The reply should contain only the lines from the start of the records through the line with "Woman, face and", reproduced verbatim and without pictures.

(Brief descriptive captions)

----

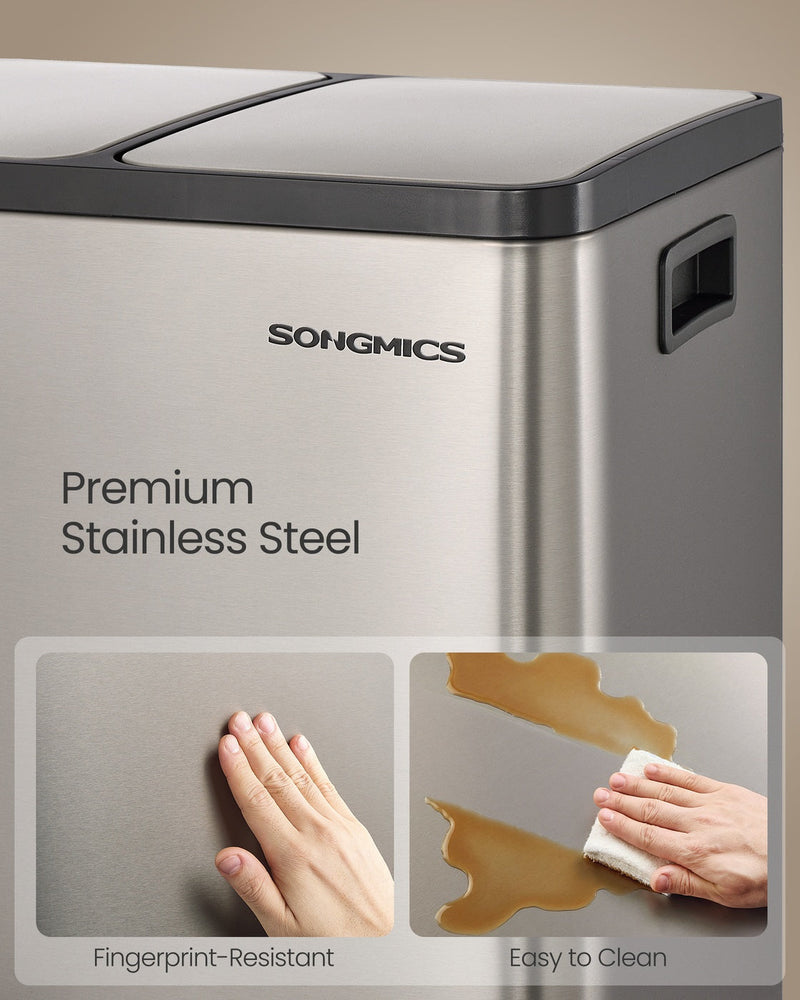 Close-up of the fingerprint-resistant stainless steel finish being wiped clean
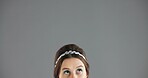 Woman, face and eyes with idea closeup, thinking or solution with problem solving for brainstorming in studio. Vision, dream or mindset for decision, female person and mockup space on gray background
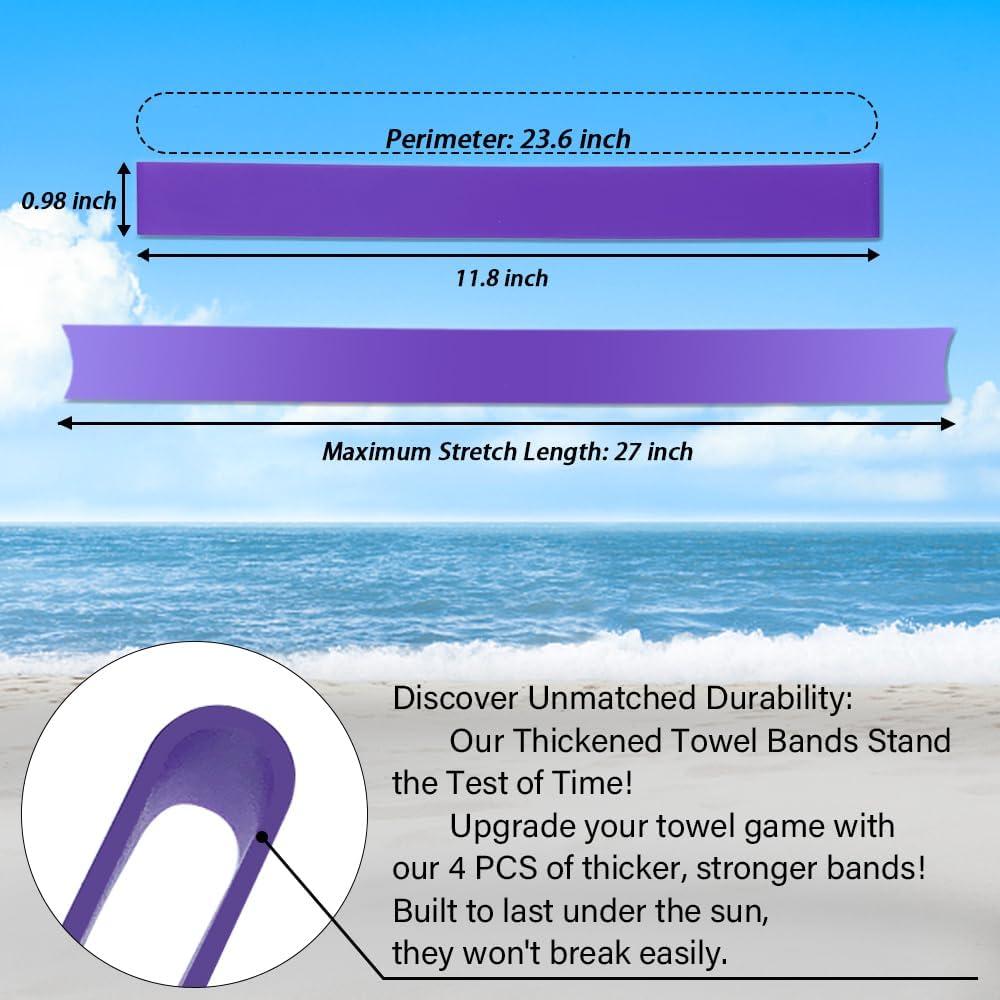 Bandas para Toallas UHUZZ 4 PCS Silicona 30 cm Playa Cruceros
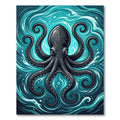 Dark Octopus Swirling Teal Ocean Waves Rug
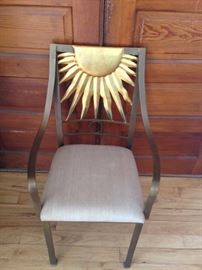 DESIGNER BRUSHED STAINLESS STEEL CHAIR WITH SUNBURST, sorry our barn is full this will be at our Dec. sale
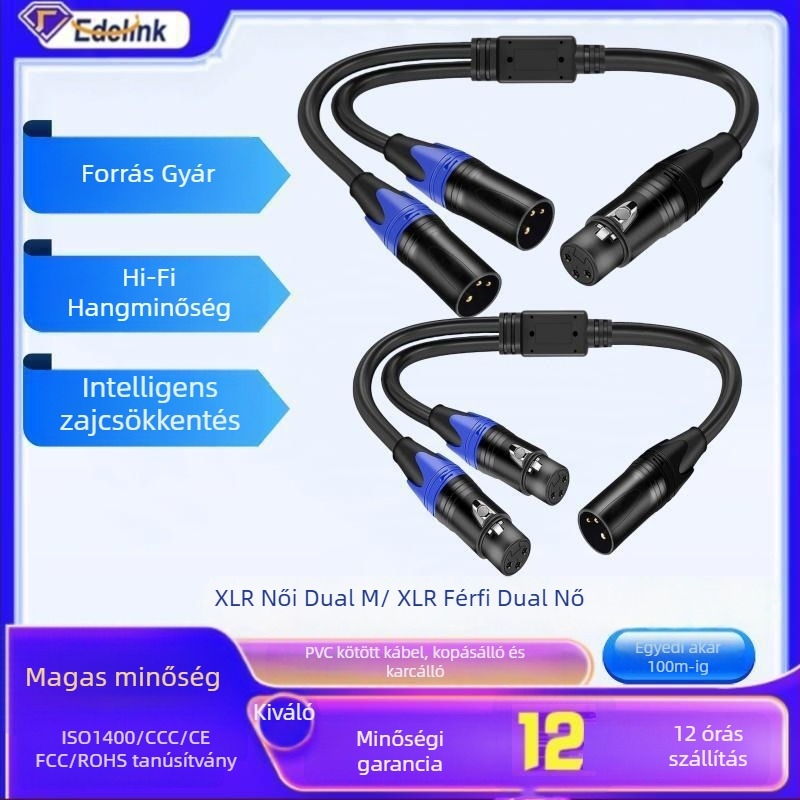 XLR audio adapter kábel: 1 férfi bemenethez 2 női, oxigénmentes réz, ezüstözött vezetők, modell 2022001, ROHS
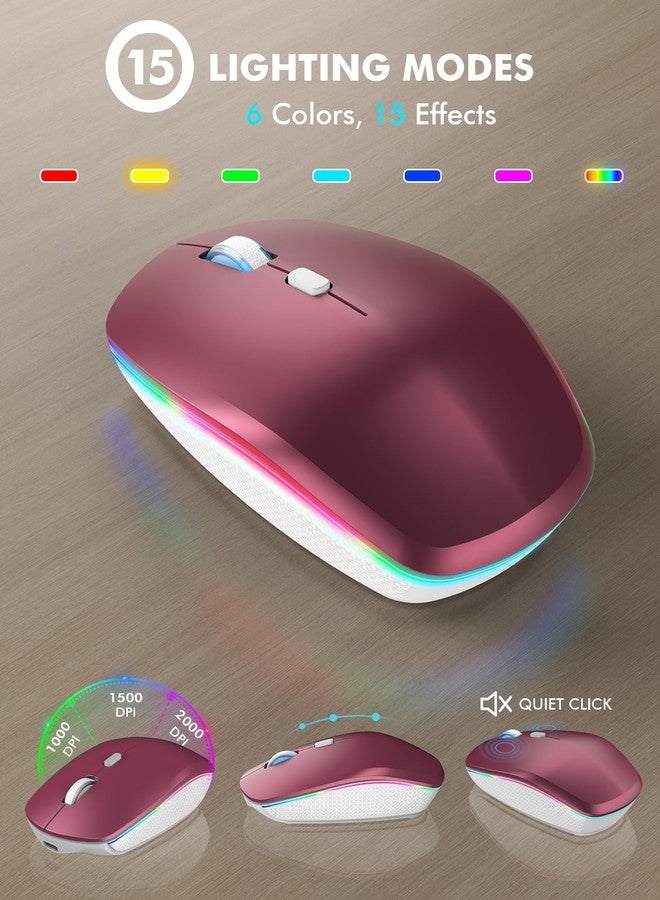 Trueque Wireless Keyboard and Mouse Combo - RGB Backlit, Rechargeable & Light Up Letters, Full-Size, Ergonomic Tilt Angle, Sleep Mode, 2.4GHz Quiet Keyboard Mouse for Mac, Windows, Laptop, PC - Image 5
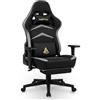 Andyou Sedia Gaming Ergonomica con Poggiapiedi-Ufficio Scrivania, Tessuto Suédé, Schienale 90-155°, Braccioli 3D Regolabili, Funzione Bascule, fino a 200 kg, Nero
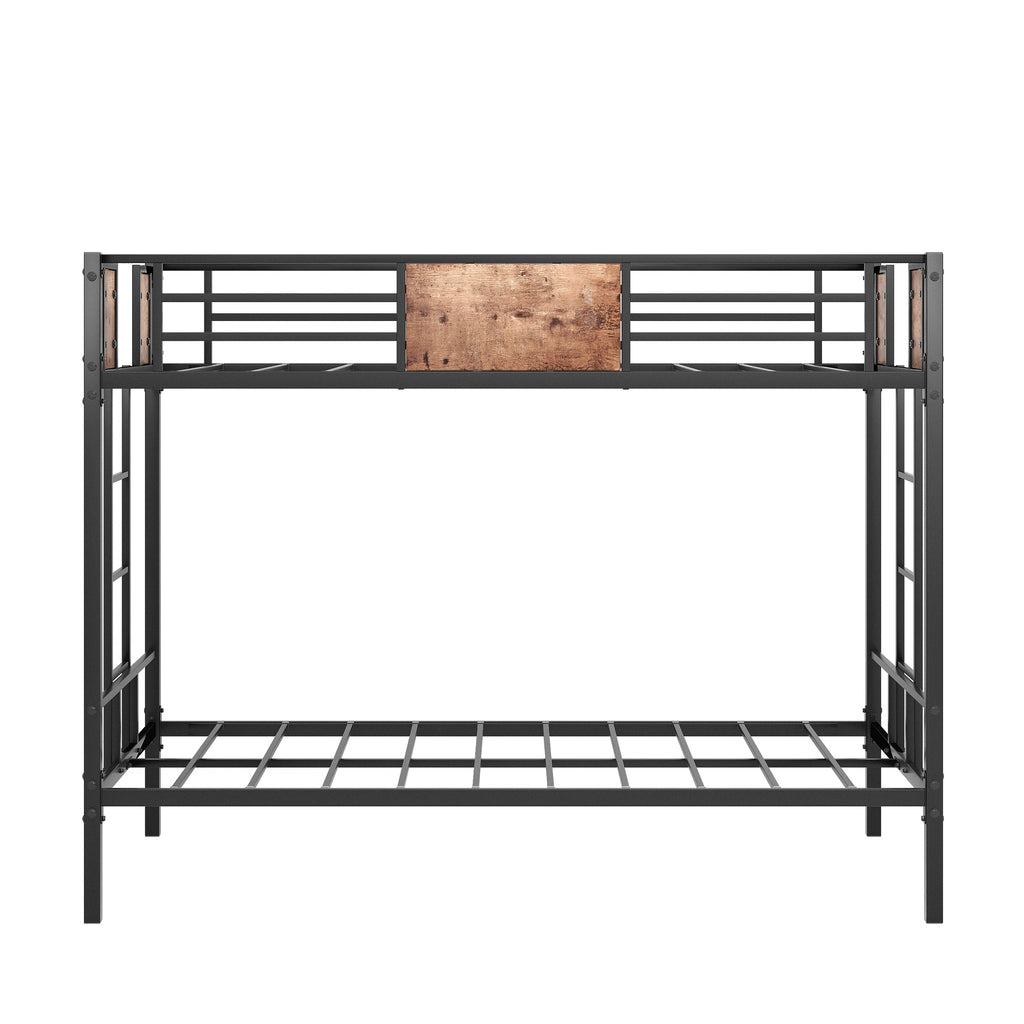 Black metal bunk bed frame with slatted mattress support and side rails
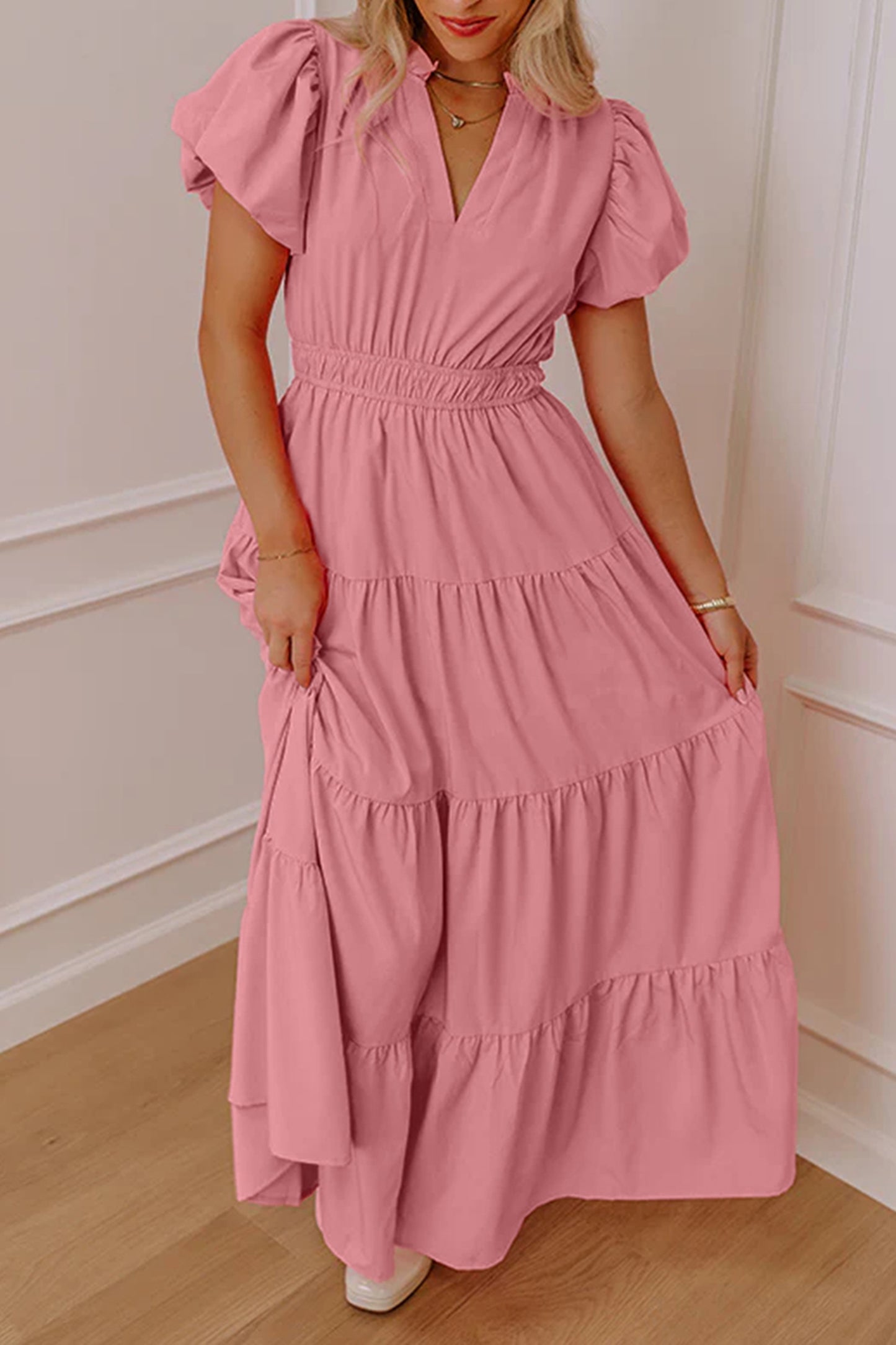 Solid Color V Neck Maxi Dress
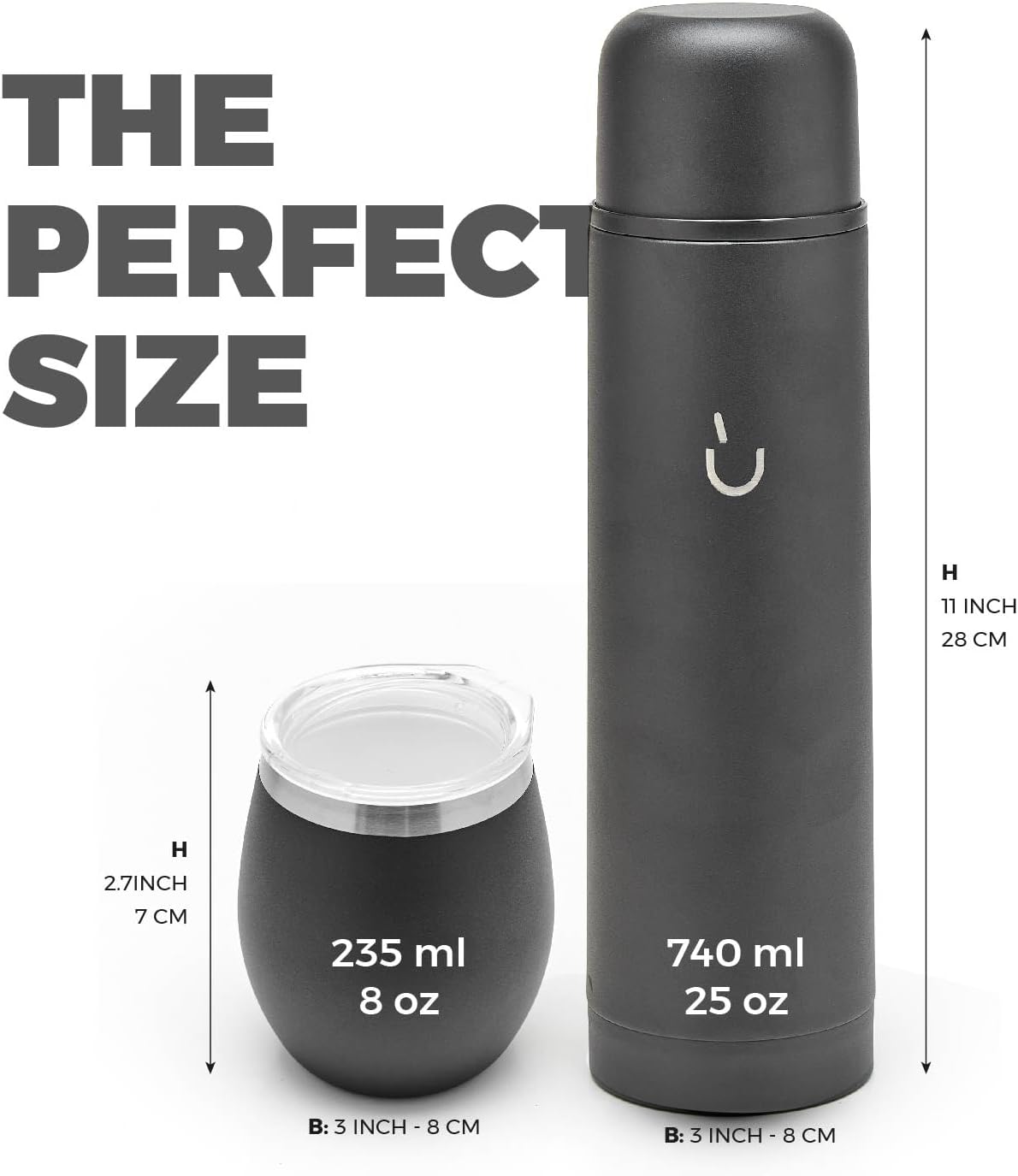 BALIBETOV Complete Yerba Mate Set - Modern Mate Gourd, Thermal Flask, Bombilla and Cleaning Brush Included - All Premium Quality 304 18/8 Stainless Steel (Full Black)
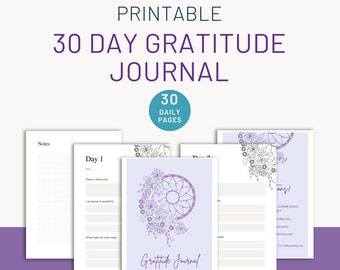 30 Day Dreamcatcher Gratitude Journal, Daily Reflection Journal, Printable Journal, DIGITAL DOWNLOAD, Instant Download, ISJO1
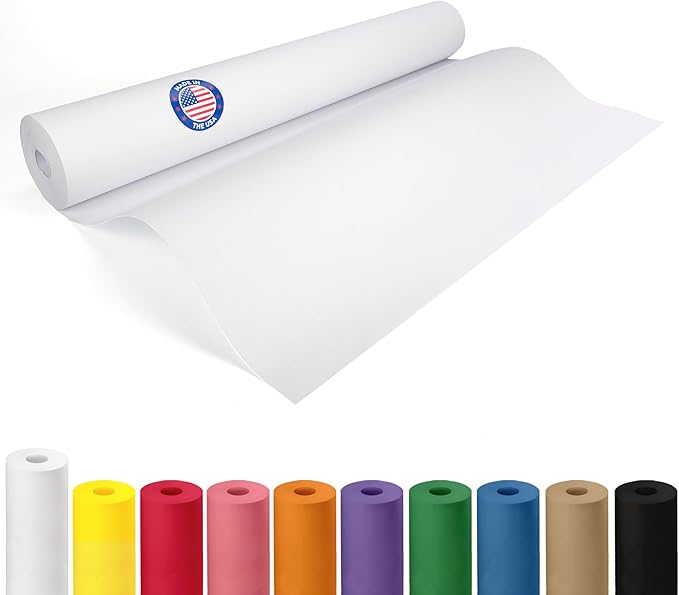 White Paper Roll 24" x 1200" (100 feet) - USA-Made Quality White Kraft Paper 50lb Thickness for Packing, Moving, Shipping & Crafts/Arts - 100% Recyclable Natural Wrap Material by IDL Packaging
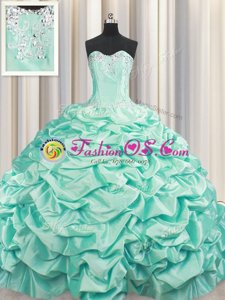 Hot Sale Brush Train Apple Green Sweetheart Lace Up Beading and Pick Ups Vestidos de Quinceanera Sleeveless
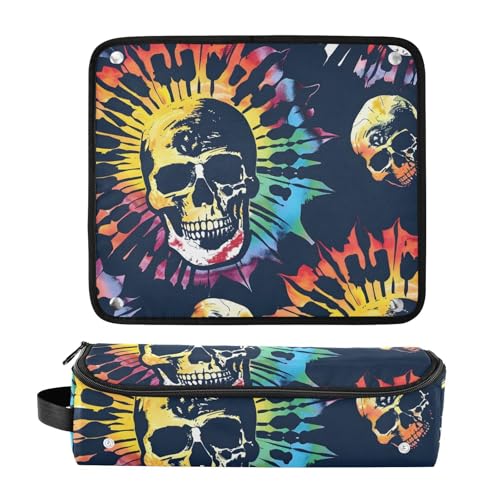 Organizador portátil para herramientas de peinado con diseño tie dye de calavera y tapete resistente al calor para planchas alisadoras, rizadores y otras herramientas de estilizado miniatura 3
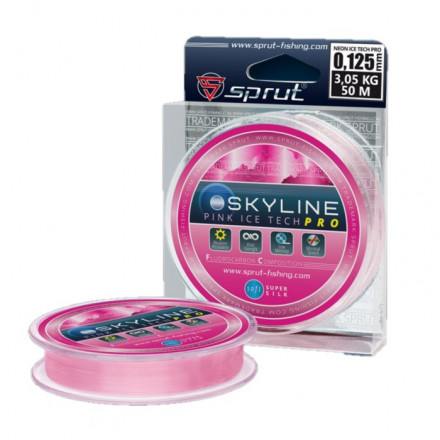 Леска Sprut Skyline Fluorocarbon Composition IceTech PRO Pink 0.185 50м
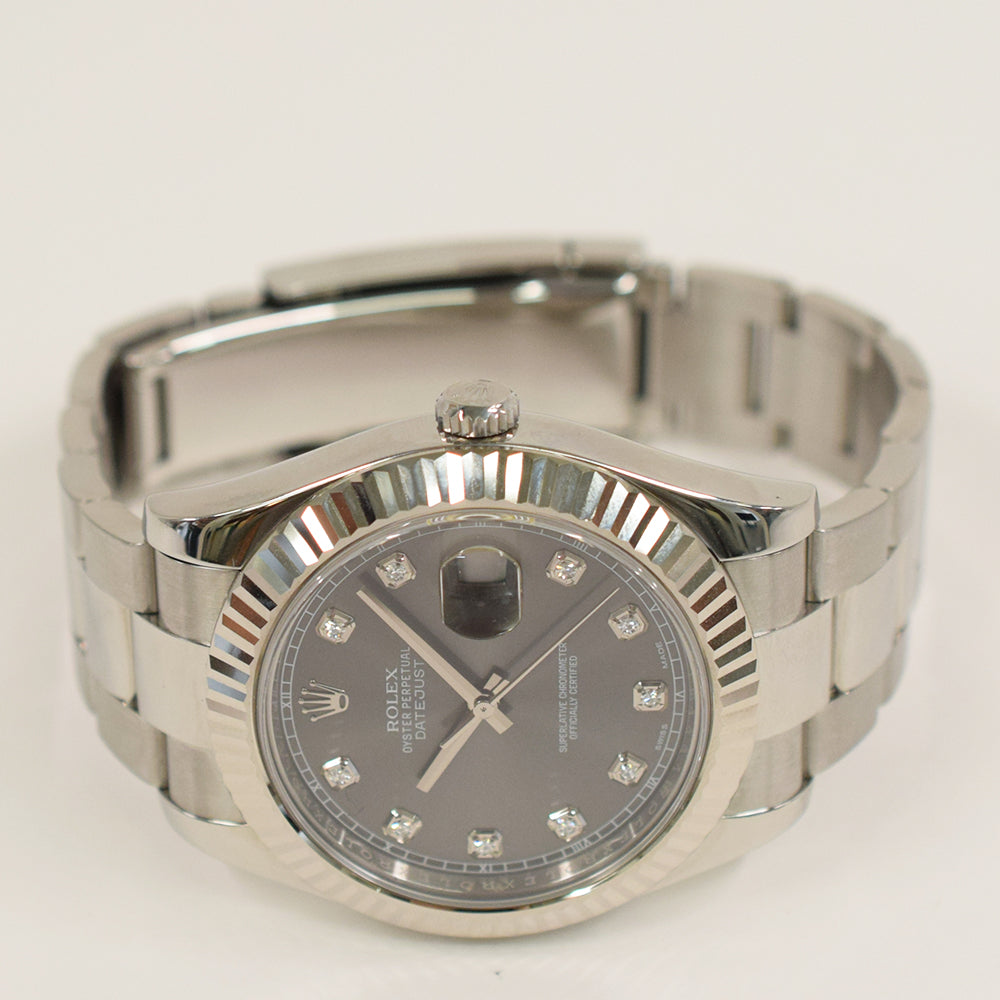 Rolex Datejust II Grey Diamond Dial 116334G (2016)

----

Output:
 Close-up of the fingerprint-resistant stainless steel finish being wiped clean
 Woman, face and eyes with idea closeup, thinking or solution with problem solving for brainstorming in studio. Vision, dream or mindset for decision, female person and mockup space on gray background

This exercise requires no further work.